## What to produce
From the entries that follow, reproduce exactly and only the lines from the line with "Kopi ABC susu 30 gram isi 10" to the line with "Juego de Instrumentos", endpoints included.

____ Exercise material

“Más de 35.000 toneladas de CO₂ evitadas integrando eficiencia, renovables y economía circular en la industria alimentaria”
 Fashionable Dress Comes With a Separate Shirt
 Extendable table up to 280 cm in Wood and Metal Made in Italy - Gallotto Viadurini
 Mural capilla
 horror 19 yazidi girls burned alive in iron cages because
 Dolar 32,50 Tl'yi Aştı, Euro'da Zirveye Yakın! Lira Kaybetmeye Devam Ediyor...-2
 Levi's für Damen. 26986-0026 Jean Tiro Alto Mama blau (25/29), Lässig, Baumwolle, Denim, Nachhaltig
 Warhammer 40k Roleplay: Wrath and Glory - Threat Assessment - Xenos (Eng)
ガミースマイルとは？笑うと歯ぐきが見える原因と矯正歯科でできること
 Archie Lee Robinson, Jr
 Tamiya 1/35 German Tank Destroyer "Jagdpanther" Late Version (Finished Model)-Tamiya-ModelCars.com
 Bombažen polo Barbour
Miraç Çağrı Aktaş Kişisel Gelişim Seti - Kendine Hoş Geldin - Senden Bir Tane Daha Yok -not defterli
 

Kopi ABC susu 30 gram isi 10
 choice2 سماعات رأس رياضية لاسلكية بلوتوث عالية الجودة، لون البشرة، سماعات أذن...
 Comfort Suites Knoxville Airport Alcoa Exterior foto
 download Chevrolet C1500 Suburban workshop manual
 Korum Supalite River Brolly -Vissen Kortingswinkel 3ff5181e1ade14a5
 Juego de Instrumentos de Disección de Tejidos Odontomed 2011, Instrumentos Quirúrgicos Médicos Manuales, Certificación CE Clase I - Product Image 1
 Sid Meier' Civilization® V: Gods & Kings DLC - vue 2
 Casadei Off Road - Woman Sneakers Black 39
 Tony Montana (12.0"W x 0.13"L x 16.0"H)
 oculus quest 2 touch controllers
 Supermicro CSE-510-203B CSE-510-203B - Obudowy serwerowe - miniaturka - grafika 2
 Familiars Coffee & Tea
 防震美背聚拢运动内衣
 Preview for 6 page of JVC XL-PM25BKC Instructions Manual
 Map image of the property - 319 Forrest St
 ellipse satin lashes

________

## Response to the exercise
Kopi ABC susu 30 gram isi 10
 choice2 سماعات رأس رياضية لاسلكية بلوتوث عالية الجودة، لون البشرة، سماعات أذن...
 Comfort Suites Knoxville Airport Alcoa Exterior foto
 download Chevrolet C1500 Suburban workshop manual
 Korum Supalite River Brolly -Vissen Kortingswinkel 3ff5181e1ade14a5
 Juego de Instrumentos de Disección de Tejidos Odontomed 2011, Instrumentos Quirúrgicos Médicos Manuales, Certificación CE Clase I - Product Image 1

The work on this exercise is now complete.